» **Recorded information**:
_ _ _

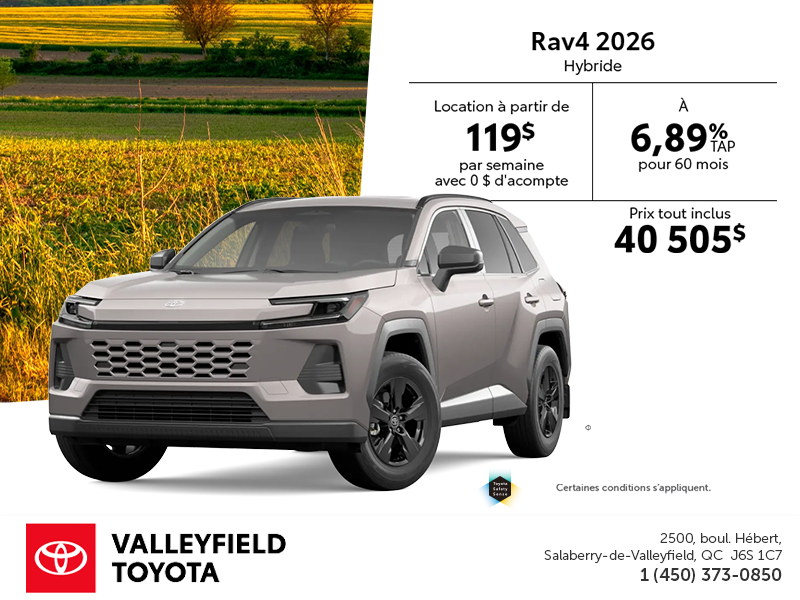 Toyota RAV4 Hybride 2026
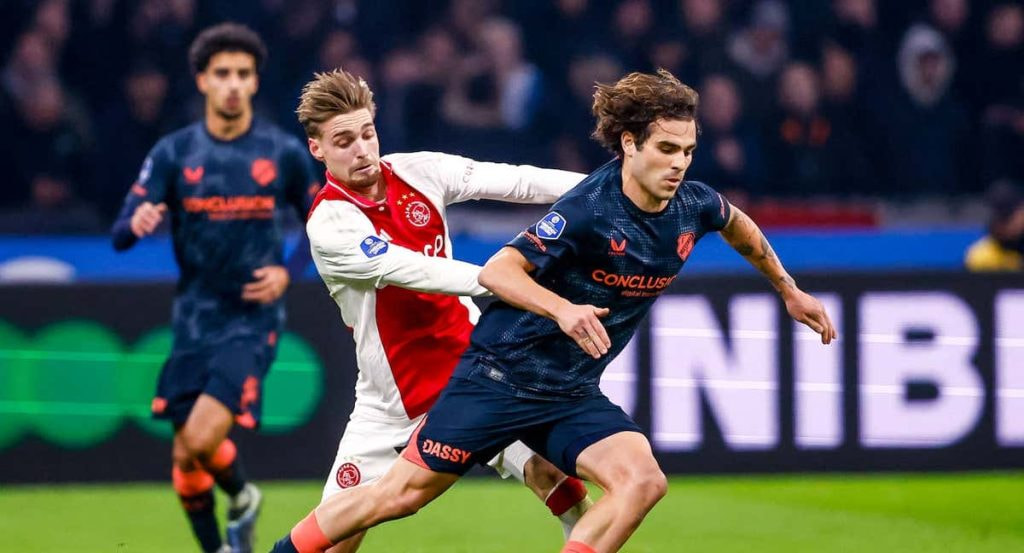 Miguel Rodríguez, en el partido frente al Ajax.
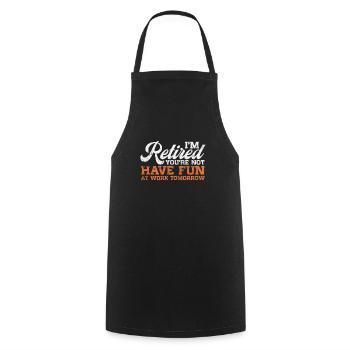 Retirement - Cooking Apron - black - Front - AI Model Male 185 dark (185cm)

_ _ _

» **What you have to do**: Once the images are set aside, retype all of the material above exactly.

» **Response area**:
 Toyota RAV4 Hybride 2026
 Miguel Rodríguez, en el partido frente al Ajax.
 Retirement - Cooking Apron - black - Front - AI Model Male 185 dark (185cm)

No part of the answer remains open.